Start of RECORDS TO USE
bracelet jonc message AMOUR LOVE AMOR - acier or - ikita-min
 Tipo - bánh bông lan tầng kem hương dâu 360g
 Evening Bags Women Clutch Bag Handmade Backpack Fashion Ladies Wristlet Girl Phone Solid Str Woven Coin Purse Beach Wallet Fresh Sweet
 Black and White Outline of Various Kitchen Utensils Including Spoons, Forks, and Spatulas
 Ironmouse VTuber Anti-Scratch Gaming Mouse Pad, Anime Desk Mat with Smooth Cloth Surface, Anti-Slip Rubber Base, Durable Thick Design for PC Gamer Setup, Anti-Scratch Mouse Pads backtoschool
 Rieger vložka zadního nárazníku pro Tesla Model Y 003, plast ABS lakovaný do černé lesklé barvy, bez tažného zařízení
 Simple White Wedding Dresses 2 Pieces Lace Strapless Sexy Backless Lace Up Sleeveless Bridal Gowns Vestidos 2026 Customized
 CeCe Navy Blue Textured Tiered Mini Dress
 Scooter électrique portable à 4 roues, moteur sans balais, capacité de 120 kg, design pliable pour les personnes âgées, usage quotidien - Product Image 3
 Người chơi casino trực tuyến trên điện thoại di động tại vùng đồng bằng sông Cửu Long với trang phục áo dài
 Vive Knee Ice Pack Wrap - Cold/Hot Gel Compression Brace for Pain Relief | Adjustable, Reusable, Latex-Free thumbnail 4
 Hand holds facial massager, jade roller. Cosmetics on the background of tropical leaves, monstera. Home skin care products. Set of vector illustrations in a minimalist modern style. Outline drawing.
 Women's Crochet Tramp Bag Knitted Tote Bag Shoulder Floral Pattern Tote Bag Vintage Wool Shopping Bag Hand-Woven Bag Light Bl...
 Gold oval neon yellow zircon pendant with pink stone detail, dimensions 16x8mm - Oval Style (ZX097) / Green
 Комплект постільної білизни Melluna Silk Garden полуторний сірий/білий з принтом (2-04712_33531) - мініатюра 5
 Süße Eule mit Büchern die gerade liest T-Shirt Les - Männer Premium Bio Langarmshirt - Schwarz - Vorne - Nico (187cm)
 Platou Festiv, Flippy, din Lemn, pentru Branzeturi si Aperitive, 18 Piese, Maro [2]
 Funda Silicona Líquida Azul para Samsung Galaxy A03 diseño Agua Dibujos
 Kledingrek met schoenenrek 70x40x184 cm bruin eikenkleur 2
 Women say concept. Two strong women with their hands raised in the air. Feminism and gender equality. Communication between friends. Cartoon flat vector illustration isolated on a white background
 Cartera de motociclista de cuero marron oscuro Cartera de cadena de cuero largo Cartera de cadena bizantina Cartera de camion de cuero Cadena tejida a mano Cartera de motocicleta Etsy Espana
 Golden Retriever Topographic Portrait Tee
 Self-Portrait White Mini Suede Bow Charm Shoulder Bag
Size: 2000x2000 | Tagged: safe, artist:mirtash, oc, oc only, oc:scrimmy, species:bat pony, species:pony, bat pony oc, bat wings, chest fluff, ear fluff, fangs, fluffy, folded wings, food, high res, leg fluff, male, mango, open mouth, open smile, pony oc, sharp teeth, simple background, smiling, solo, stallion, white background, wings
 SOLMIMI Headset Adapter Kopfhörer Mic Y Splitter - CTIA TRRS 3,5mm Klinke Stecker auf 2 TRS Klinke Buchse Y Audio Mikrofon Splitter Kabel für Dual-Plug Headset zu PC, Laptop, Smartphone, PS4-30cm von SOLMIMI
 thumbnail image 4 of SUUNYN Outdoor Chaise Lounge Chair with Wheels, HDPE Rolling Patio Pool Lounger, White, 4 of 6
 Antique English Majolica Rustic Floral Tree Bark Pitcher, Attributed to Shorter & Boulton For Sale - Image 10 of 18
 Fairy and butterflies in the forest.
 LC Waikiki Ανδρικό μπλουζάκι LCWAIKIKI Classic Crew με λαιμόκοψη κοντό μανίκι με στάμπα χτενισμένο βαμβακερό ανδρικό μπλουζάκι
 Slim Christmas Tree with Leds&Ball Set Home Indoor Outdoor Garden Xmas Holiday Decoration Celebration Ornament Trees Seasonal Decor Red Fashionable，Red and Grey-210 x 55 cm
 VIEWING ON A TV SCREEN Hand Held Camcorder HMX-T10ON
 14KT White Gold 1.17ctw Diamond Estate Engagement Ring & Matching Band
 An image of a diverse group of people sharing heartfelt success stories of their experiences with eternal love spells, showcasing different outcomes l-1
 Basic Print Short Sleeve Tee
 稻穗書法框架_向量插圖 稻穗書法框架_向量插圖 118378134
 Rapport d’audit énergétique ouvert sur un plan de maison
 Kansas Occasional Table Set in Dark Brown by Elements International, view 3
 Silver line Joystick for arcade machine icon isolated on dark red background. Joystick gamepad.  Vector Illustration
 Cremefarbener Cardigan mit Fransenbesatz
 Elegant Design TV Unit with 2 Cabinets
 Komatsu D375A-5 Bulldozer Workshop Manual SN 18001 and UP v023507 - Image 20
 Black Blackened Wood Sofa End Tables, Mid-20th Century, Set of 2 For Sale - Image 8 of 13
End of RECORDS TO USE
WORK REQUIRED: Type out the whole listing once more, exactly as written.

WRITTEN RESPONSE:
bracelet jonc message AMOUR LOVE AMOR - acier or - ikita-min
 Tipo - bánh bông lan tầng kem hương dâu 360g
 Evening Bags Women Clutch Bag Handmade Backpack Fashion Ladies Wristlet Girl Phone Solid Str Woven Coin Purse Beach Wallet Fresh Sweet
 Black and White Outline of Various Kitchen Utensils Including Spoons, Forks, and Spatulas
 Ironmouse VTuber Anti-Scratch Gaming Mouse Pad, Anime Desk Mat with Smooth Cloth Surface, Anti-Slip Rubber Base, Durable Thick Design for PC Gamer Setup, Anti-Scratch Mouse Pads backtoschool
 Rieger vložka zadního nárazníku pro Tesla Model Y 003, plast ABS lakovaný do černé lesklé barvy, bez tažného zařízení
 Simple White Wedding Dresses 2 Pieces Lace Strapless Sexy Backless Lace Up Sleeveless Bridal Gowns Vestidos 2026 Customized
 CeCe Navy Blue Textured Tiered Mini Dress
 Scooter électrique portable à 4 roues, moteur sans balais, capacité de 120 kg, design pliable pour les personnes âgées, usage quotidien - Product Image 3
 Người chơi casino trực tuyến trên điện thoại di động tại vùng đồng bằng sông Cửu Long với trang phục áo dài
 Vive Knee Ice Pack Wrap - Cold/Hot Gel Compression Brace for Pain Relief | Adjustable, Reusable, Latex-Free thumbnail 4
 Hand holds facial massager, jade roller. Cosmetics on the background of tropical leaves, monstera. Home skin care products. Set of vector illustrations in a minimalist modern style. Outline drawing.
 Women's Crochet Tramp Bag Knitted Tote Bag Shoulder Floral Pattern Tote Bag Vintage Wool Shopping Bag Hand-Woven Bag Light Bl...
 Gold oval neon yellow zircon pendant with pink stone detail, dimensions 16x8mm - Oval Style (ZX097) / Green
 Комплект постільної білизни Melluna Silk Garden полуторний сірий/білий з принтом (2-04712_33531) - мініатюра 5
 Süße Eule mit Büchern die gerade liest T-Shirt Les - Männer Premium Bio Langarmshirt - Schwarz - Vorne - Nico (187cm)
 Platou Festiv, Flippy, din Lemn, pentru Branzeturi si Aperitive, 18 Piese, Maro [2]
 Funda Silicona Líquida Azul para Samsung Galaxy A03 diseño Agua Dibujos
 Kledingrek met schoenenrek 70x40x184 cm bruin eikenkleur 2
 Women say concept. Two strong women with their hands raised in the air. Feminism and gender equality. Communication between friends. Cartoon flat vector illustration isolated on a white background
 Cartera de motociclista de cuero marron oscuro Cartera de cadena de cuero largo Cartera de cadena bizantina Cartera de camion de cuero Cadena tejida a mano Cartera de motocicleta Etsy Espana
 Golden Retriever Topographic Portrait Tee
 Self-Portrait White Mini Suede Bow Charm Shoulder Bag
Size: 2000x2000 | Tagged: safe, artist:mirtash, oc, oc only, oc:scrimmy, species:bat pony, species:pony, bat pony oc, bat wings, chest fluff, ear fluff, fangs, fluffy, folded wings, food, high res, leg fluff, male, mango, open mouth, open smile, pony oc, sharp teeth, simple background, smiling, solo, stallion, white background, wings
 SOLMIMI Headset Adapter Kopfhörer Mic Y Splitter - CTIA TRRS 3,5mm Klinke Stecker auf 2 TRS Klinke Buchse Y Audio Mikrofon Splitter Kabel für Dual-Plug Headset zu PC, Laptop, Smartphone, PS4-30cm von SOLMIMI
 thumbnail image 4 of SUUNYN Outdoor Chaise Lounge Chair with Wheels, HDPE Rolling Patio Pool Lounger, White, 4 of 6
 Antique English Majolica Rustic Floral Tree Bark Pitcher, Attributed to Shorter & Boulton For Sale - Image 10 of 18
 Fairy and butterflies in the forest.
 LC Waikiki Ανδρικό μπλουζάκι LCWAIKIKI Classic Crew με λαιμόκοψη κοντό μανίκι με στάμπα χτενισμένο βαμβακερό ανδρικό μπλουζάκι
 Slim Christmas Tree with Leds&Ball Set Home Indoor Outdoor Garden Xmas Holiday Decoration Celebration Ornament Trees Seasonal Decor Red Fashionable，Red and Grey-210 x 55 cm
 VIEWING ON A TV SCREEN Hand Held Camcorder HMX-T10ON
 14KT White Gold 1.17ctw Diamond Estate Engagement Ring & Matching Band
 An image of a diverse group of people sharing heartfelt success stories of their experiences with eternal love spells, showcasing different outcomes l-1
 Basic Print Short Sleeve Tee
 稻穗書法框架_向量插圖 稻穗書法框架_向量插圖 118378134
 Rapport d’audit énergétique ouvert sur un plan de maison
 Kansas Occasional Table Set in Dark Brown by Elements International, view 3
 Silver line Joystick for arcade machine icon isolated on dark red background. Joystick gamepad.  Vector Illustration
 Cremefarbener Cardigan mit Fransenbesatz
 Elegant Design TV Unit with 2 Cabinets
 Komatsu D375A-5 Bulldozer Workshop Manual SN 18001 and UP v023507 - Image 20
 Black Blackened Wood Sofa End Tables, Mid-20th Century, Set of 2 For Sale - Image 8 of 13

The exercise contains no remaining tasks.